This is an open access article distributed under the terms of the Creative Commons Attribution License, which permits unrestricted use, distribution, reproduction and adaptation in any medium and for any purpose provided that it is properly attributed. For attribution, the original author(s), title, publication source (PeerJ Preprints) and either DOI or URL of the article must be cited.
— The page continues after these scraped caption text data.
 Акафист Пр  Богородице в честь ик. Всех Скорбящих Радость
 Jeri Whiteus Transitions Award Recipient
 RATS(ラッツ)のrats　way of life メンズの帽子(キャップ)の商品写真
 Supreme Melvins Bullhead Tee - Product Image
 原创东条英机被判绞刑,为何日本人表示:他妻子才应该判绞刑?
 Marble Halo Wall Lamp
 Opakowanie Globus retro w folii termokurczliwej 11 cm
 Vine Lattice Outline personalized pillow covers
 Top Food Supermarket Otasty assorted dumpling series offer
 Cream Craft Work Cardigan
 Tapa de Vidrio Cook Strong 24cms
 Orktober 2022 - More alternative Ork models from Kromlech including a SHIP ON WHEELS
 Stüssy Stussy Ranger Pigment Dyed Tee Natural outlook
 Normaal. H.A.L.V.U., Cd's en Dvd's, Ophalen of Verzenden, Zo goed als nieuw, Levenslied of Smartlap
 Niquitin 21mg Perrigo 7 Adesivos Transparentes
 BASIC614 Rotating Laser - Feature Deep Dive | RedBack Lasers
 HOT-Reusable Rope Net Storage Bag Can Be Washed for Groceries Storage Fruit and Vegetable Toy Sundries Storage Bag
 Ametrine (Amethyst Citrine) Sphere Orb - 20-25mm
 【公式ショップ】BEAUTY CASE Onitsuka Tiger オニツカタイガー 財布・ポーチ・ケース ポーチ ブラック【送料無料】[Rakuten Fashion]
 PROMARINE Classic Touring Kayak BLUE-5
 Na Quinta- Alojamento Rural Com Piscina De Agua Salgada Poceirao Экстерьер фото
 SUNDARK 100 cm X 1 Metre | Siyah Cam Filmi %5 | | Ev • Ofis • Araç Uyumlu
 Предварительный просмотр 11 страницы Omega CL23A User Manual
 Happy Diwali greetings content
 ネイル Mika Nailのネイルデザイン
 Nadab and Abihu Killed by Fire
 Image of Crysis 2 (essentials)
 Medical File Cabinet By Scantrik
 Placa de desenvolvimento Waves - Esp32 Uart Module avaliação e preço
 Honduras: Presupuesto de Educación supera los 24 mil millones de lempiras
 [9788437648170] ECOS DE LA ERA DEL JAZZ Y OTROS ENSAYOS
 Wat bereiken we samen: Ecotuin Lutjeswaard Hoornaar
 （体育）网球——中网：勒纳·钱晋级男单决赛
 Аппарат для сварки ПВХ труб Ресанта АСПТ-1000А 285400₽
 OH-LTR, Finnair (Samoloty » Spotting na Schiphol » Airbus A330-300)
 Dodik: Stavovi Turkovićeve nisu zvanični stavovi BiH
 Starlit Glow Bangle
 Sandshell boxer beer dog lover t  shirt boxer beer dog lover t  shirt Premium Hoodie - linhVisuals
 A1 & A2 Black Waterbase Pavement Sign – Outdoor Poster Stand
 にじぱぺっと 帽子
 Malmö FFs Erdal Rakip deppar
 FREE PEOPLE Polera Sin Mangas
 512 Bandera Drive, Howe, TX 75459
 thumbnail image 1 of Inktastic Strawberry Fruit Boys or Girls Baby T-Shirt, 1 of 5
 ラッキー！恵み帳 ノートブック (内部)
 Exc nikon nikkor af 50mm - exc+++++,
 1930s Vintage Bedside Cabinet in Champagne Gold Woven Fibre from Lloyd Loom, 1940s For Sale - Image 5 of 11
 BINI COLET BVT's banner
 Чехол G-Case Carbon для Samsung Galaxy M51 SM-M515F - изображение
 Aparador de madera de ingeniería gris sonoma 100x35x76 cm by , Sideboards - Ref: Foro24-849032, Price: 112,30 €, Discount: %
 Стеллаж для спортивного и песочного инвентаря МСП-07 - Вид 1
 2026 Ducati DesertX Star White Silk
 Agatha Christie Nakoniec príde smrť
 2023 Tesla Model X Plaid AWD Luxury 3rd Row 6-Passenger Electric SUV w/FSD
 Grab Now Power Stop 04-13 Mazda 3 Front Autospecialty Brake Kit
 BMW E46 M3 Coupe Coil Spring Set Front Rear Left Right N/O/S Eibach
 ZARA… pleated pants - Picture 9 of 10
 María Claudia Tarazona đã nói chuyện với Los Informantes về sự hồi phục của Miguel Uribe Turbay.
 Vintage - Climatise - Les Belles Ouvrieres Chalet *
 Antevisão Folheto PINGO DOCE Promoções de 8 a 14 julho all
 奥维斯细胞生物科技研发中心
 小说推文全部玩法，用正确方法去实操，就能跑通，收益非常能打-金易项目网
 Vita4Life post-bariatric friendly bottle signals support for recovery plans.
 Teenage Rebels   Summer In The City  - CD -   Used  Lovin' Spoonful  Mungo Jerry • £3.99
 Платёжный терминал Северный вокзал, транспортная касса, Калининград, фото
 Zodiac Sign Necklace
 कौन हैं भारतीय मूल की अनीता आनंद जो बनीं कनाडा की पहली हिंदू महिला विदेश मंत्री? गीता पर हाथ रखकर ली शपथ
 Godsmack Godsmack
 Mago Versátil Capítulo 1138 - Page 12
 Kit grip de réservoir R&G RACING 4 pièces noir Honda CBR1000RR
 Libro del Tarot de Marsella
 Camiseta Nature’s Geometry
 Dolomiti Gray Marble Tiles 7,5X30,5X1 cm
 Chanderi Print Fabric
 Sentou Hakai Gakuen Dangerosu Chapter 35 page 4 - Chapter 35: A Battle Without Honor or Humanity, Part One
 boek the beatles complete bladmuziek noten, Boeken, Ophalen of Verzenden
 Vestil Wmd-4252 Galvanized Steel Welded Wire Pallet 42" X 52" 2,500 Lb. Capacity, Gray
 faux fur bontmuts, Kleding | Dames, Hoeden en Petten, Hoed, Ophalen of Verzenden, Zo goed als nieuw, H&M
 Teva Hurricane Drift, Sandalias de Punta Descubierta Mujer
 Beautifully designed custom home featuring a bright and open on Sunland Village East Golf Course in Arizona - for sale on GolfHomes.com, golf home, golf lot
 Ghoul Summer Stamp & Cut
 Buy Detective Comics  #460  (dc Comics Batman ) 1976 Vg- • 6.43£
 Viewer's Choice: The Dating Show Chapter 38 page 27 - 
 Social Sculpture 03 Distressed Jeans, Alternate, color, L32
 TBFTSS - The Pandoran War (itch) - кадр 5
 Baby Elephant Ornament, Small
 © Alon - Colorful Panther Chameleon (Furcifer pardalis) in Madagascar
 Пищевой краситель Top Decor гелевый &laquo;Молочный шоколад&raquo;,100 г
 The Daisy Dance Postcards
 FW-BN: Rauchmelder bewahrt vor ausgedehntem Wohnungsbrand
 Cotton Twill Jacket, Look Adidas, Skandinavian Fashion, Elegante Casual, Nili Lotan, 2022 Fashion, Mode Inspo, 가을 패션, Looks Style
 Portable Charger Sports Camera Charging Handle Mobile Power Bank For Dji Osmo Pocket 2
Annotation of bioassay protocols using semantic web vocabulary is a way to make experiment descriptions machine-readable. Protocols are communicated using concise scientific English, which precludes most kinds of analysis by software algorithms. Given the availability of a sufficiently expressive ontology, some or all of the pertinent information can be captured by asserting a series of facts, expressed as semantic web triples (subject, predicate, object). With appropriate annotation, assays can be searched, clustered, tagged and evaluated in a multitude of ways, analogous to other segments of drug discovery informatics. The BioAssay Ontology (BAO) has been previously designed for this express purpose, and provides a layered hierarchy of meaningful terms which can be linked to. Currently the biggest challenge is the issue of content creation: scientists cannot be expected to use the BAO effectively without having access to software tools that make it straightforward to use the vocabulary in a canonical way. We have sought to remove this barrier by: (1) defining a bioassay template data model; (2) creating a software tool for experts to create or modify templates to suit their needs; and (3) designing a common assay template (CAT) to leverage the most value from the BAO terms. The CAT was carefully assembled by biologists in order to find a balance between the maximum amount of information captured vs. low degrees of freedom in order to keep the user experience as simple as possible. The data format that we use for describing templates and corresponding annotations is the native format of the semantic web (RDF triples), and we demonstrate some of the ways that generated content can be meaningfully queried using the SPARQL language. We have made all of these materials available as open source (http://github.com/cdd/bioassay-template), in order to encourage community input and use within diverse projects, including but not limited to our own commercial electronic lab notebook products.
Revised manuscript, after 1st round of peer review comments.